[INFORMATION GIVEN]:
◆ ◆ ◆ ◆ ◆

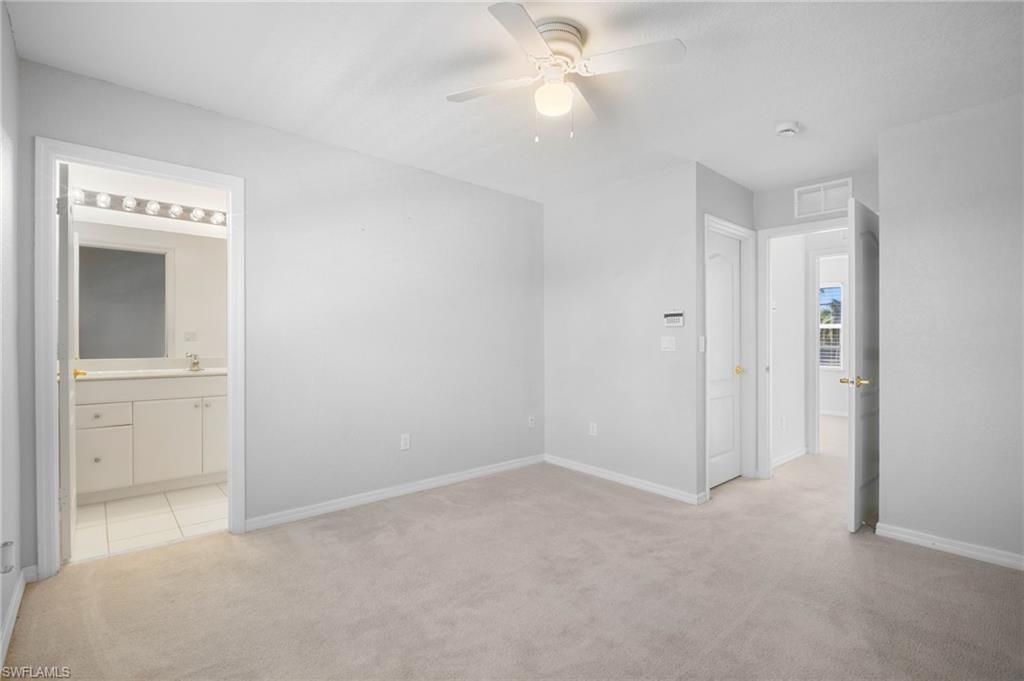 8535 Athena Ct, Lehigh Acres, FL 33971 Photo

◆ ◆ ◆ ◆ ◆

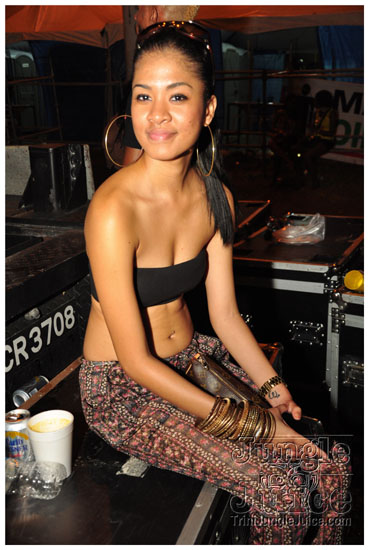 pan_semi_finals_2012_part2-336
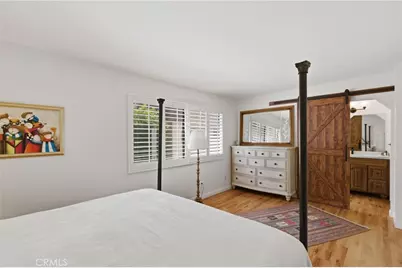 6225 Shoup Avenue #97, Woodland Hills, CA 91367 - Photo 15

◆ ◆ ◆ ◆ ◆

[WHAT THE TASK ASKS]:
Output exactly the lines above, from the line with "pan_semi_finals_2012_part2-336" to the line with "6225 Shoup Avenue", both included; skip the pictures.

[ANSWER SPACE]:
 pan_semi_finals_2012_part2-336
 6225 Shoup Avenue #97, Woodland Hills, CA 91367 - Photo 15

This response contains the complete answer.